We stand in restless clusters at United Nations Plaza,

Union Square, or Washington Square Park.

 

Police rapt with cameras across their chests,

plastic ties, guns snug around hips.

I stand with my chest pressed into blue wood of a divider.

 

What war is it? Whose children’s

children are up for slaughter this time?

Does it matter if they are Black?

Palestinian? Iraqi? Syrian? Ukrainian?

 

Their life price will be oil, water and land rights.

In Iran, it is an old, western war,

boorish American super bombs on constant repeat.

 

II.

 

Soft light of a wintry dawn,

children bustling to school.

A man walking down the street

wearing his bed clothes, clutching a newspaper.

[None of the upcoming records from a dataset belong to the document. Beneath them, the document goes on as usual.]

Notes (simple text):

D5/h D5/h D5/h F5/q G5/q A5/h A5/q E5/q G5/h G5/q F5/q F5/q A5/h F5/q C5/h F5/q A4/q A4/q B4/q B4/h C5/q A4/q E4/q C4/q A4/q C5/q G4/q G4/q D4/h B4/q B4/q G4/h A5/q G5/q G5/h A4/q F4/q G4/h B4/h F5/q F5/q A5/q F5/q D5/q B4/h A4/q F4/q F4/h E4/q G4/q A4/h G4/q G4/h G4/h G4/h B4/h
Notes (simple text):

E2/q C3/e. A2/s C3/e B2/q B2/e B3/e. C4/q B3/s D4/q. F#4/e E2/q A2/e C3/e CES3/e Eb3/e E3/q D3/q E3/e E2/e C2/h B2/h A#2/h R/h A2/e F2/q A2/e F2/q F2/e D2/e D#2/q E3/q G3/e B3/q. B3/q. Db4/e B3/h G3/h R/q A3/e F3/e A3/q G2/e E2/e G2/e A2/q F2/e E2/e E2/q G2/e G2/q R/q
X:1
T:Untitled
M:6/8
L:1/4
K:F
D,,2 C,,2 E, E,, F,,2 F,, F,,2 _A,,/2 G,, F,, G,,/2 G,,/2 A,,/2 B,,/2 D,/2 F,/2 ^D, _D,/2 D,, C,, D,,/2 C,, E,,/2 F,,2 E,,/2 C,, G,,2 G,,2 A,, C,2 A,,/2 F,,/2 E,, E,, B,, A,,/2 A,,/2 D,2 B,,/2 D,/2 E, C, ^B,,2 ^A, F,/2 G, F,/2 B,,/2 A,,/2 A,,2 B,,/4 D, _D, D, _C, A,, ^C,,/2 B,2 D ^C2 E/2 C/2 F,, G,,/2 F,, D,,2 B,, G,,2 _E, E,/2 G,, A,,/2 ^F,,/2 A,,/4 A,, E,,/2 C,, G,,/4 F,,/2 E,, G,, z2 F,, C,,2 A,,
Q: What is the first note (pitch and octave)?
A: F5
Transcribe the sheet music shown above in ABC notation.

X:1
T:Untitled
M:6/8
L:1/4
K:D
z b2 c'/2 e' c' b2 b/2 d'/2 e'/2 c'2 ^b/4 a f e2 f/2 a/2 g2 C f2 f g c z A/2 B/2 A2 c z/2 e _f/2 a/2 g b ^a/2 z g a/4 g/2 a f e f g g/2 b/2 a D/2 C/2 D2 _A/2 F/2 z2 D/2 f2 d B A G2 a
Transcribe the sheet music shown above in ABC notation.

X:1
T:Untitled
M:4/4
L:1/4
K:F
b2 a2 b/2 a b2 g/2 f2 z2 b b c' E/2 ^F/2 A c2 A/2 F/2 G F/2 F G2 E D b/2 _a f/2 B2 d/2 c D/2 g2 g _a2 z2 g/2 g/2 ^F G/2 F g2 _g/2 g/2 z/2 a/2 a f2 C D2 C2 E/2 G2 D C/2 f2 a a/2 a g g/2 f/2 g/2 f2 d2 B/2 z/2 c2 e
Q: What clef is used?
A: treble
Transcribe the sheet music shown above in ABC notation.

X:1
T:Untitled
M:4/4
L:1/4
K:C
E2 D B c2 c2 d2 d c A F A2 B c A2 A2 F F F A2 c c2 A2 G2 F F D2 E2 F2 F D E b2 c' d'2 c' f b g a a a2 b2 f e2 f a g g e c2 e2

And me skidding across ice—hoping

there is no new war in the world today.


This America

Soft leaves of a real spring

bursting free on every branch.

So glad to be a part of creation.

Seven artists sitting in a semi-circle

each a lit flame. We don’t have

all the answers our people crave,

but together we can create something

we can survive with courage.

Savor sister in white, smudging

sage over policemen in riot gear.

What mojo do we need for this new time?

Here protestors are framed as terrorists and

this week, we are asked to believe a

lone Black man broke his own

spine in three places?

How do we arm and protect

ourselves in this America?


Los Desaparecidos*

Santiago your desk is now a crime scene;

filled with whatnots – colored pencils, rubber snakes

and piles of blue and red clay dough.

Rumors and dulled, blank stares of coworkers fill the air.

“I didn’t think they would go that far.”

 

You now do a cameo as the missing in your own life.

Fourteen years teaching the children of privileged,

foreign and the poor ones; grandchildren of gran

elder women, wearing tall, tan Peruvian hats.

 

Santiago, you already reaped promise once hidden

in your student visa, now faded with regret.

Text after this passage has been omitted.